C'est un grand classique, un problème socio-économique ou politique survient ou perdure, la route est coupée par un groupe actif.
Puis les gendarmes ou les forces anti-émeutes arrivent, délogent tout le monde et ramassent les plus turbulents, filtrent les manifestants et envoient les meneurs au tribunal qui écopent de quelques mois de prison.
Ainsi, chaque année, des routes sont coupées par des mouvements de protestation. Cet été encore, les raisons de la colère ont été multiples: coupures sauvages d'électricité et d'eau, inflation, insécurité, feux de forêt d'origine criminelle et laxisme des autorités, de nombreux problèmes qui ont poussé d'autres routes à être coupées un peu partout.
Mais il y a quelques jours, un groupe de citoyens d'El Frine, à l'extrême est du pays, a été plus loin et a carrément construit, en pleine nuit, un mur de briques en travers de la route nationale 44, la fermant totalement.
Ce n'est qu'au petit matin que les automobilistes ont du s'arrêter au pied du mur, au sens propre, et découvrir l'ouvrage, orné pour l'occasion de dizaines de petits drapeaux algériens.

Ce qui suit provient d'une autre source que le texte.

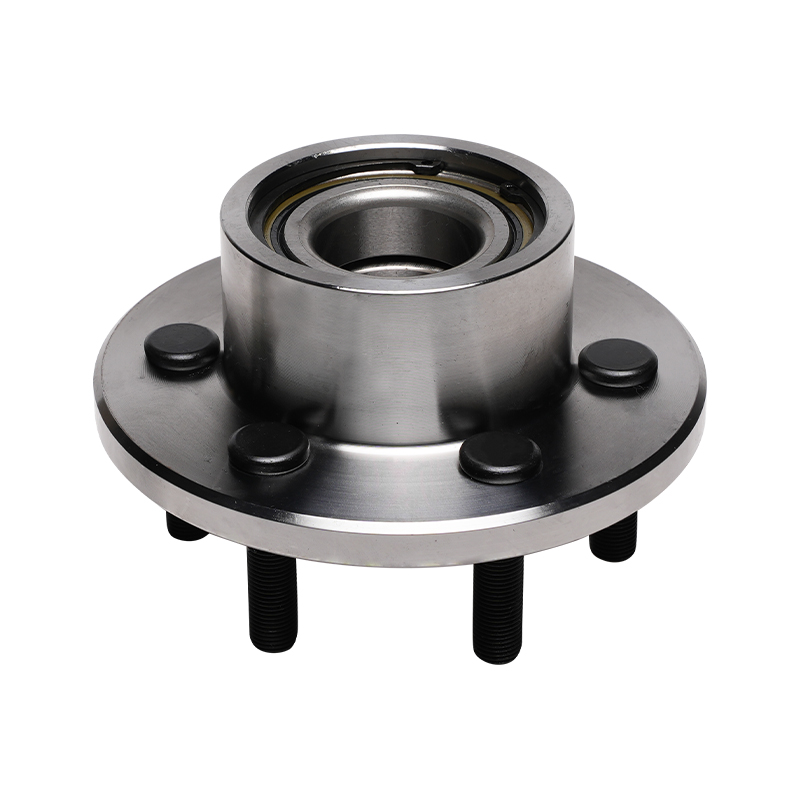 515032-American Wheel Hub Bearing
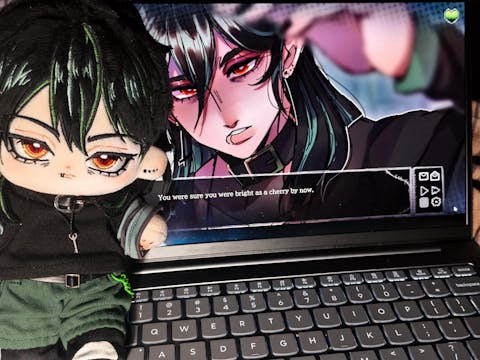 【PRESALE】【Authorized】PLUSH WONDERLAND The Kid at the Back Solivan Brugmansia Plushie 20CM Cotton Doll Authorized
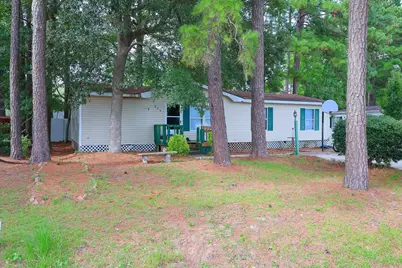 870 Pinetops Dr., Conway, SC 29526 - Photo 2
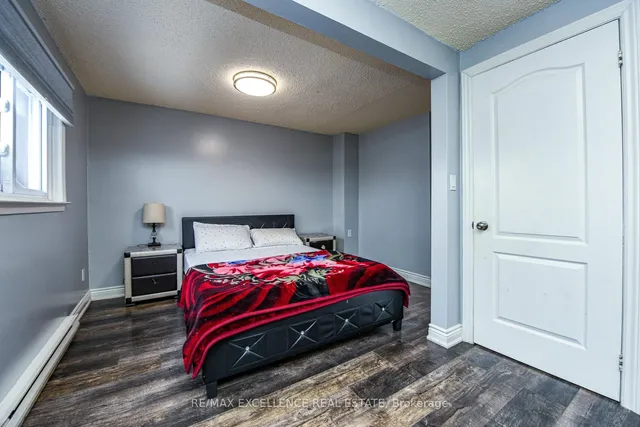 Additional image 19 of 54 Briar Path Unit 10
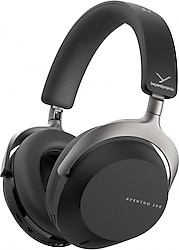 Beyerdynamic Aventho 300 ANC Kulak Üstü Bluetooth Kulaklık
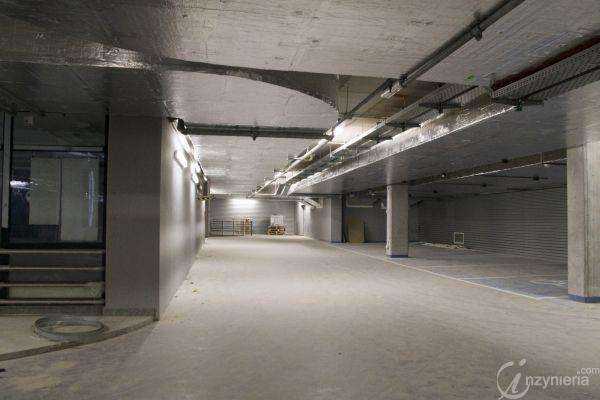 Fot. Paweł Kośmider, inzynieria.com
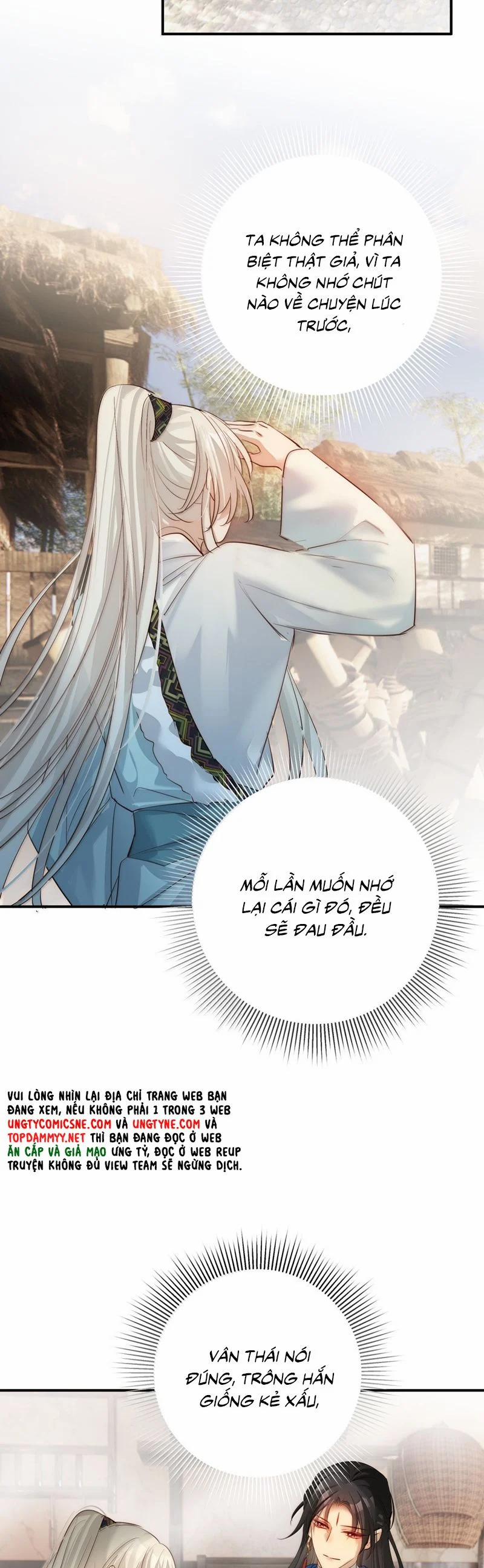 Chuyển Nghịch Âm Dương 45 trang 15
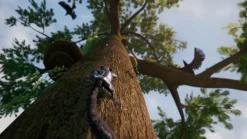 Away: The Survival Series - PS5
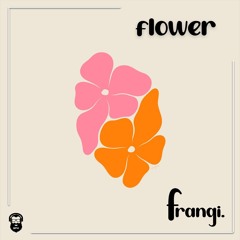 flower.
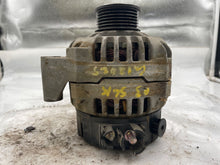 Load image into Gallery viewer, ALTERNATOR Mercedes SLK230 97 98 99 00 01 02 03 04 - NW7003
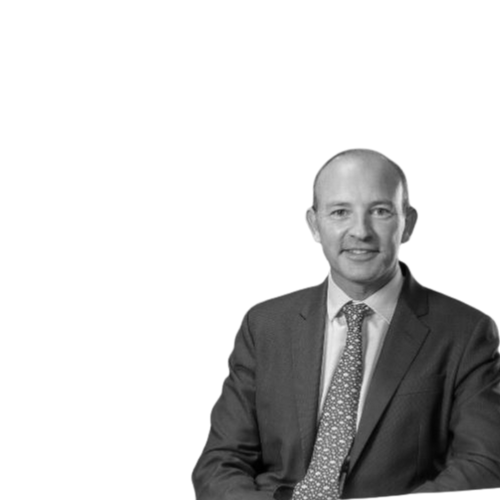 Jeremy Rees - Excel London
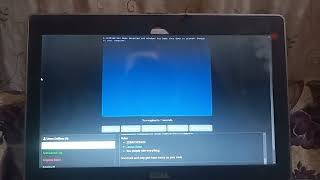 Windows Shine Edition Neo Reconia Sys BSOD CollabVM [upl. by Harutak171]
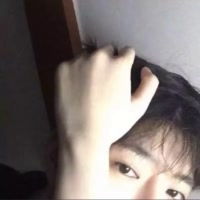 侠客阿坤5毛团队快手直播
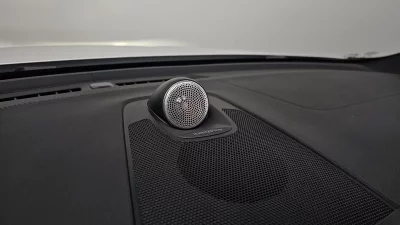 catalog-car-18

Fait nouveau aussi, les manifestants entendaient protester contre de mauvaises conditions de vie, mais aussi contre les multiples atteintes à l'environnement dans cette belle région de lacs, où une faune et flore particulières attirent l'attention des locaux, chercheurs et touristes.
Pollution et dégradations ont pratiquement détruit les atouts naturels, et un mur artificiel de briques rouges a été érigé pour protester, empêchant entre autres le wali (préfét) de la région, de se rendre à son bureau. Bonne nouvelle pour les Algériens, les walis vont finalement au bureau le matin.
Etat absent, pas de gouvernement depuis les élections de mai 2012, des ministères gérés par des intérimaires, communication officielle déficiente et une masse compacte de problèmes socio-économiques ont mis la population à bout, d'autant qu'une chaleur inhabituelle persiste depuis un mois.
Après un ramadan pénible, la rentrée pointe le bout de son nez et dans un sévère réquisitoire, l'avocat, auteur et ancien sénateur, le très respecté Mokrane Aït-Larbi, met tout sur le dos du président Bouteflika, «seul responsable de ce blocage compte tenu du fait que tous les pouvoirs sont concentrés entre ses mains».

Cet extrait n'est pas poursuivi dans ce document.